Does anyone have any experience with this choke.. good or bad? I just bought one for an extrema 2 as was courious as to your results.

Thanks DD


----------



## alleyyooper (Jul 6, 2007)

I don't have brileys my self (old hasting wad strippers). But better than 85% of the shot gunners at my sportsman club use the Brileys.

 Al


----------



## TK33 (Aug 12, 2008)

I had a briley extended IM in a browning, don't know if this is the same thing but I loved it. Money well spent.


----------



## gooseaddict (Dec 31, 2006)

I just Bought one my self, Took it to the range today to test in my Extrema 2 Very impressed. Kent 3" # 1's, and bb's worked great and 3.5" hevishot # 2's where awesome at 35 and 50 yards. Money well spent IMO. I didn't think it was all the tight at 35 yards. Should be a great addition to the EXTREMA 2


----------



## snow (Dec 7, 2007)

Yes awsome choke,you'll be very pleased. 3" duces in hevi shot does a # out to 60yds,3.5's in 4's with this choke is almost an over kill.What makes this choke better than your run of the mill extended choke is two things,1st it has straight rifling to take the spin off the shot cup as it exits the muzzel which allows the shot payload to stay in the cup longer and will give you a tighter pattern,2nd it has reverse porting to help keep the shot payload in the shot cup as long as possible giving you a denser pattern at longer ranges.
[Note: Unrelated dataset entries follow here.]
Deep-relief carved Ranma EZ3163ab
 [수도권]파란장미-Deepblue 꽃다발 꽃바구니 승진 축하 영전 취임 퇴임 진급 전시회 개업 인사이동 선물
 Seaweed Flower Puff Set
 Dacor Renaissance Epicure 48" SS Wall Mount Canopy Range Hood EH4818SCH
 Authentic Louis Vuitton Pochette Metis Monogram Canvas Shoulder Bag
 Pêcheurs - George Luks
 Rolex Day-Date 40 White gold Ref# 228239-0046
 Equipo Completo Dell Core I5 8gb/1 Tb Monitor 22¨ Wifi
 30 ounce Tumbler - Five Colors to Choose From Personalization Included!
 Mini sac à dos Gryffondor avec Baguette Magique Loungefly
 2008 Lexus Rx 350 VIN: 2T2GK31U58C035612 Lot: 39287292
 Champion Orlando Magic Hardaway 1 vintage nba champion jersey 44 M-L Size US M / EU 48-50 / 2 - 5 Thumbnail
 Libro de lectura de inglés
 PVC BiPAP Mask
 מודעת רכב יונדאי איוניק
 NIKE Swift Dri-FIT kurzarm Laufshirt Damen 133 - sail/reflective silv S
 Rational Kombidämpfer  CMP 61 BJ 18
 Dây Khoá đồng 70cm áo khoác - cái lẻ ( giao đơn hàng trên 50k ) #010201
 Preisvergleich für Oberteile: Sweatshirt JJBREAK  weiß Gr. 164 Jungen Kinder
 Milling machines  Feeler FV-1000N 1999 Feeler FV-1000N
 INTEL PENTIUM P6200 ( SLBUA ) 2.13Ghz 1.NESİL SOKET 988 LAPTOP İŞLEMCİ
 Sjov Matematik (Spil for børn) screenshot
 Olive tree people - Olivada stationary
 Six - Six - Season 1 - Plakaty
PS~ This choke constriction might not be compatable with some steel shot loads and or larger shot size,so I would suggest you check with briley to make sure it works with your shot shell choice.Or better yet come on over and join us at Hevi Shot... :wink:

BTW~ Hevi shot is coming out with a new line of chokes for both hevi shot and hevi metal,they are built by carlson and are even a tighter contriction than what briley has put out for even more lethal range if ya need it.


----------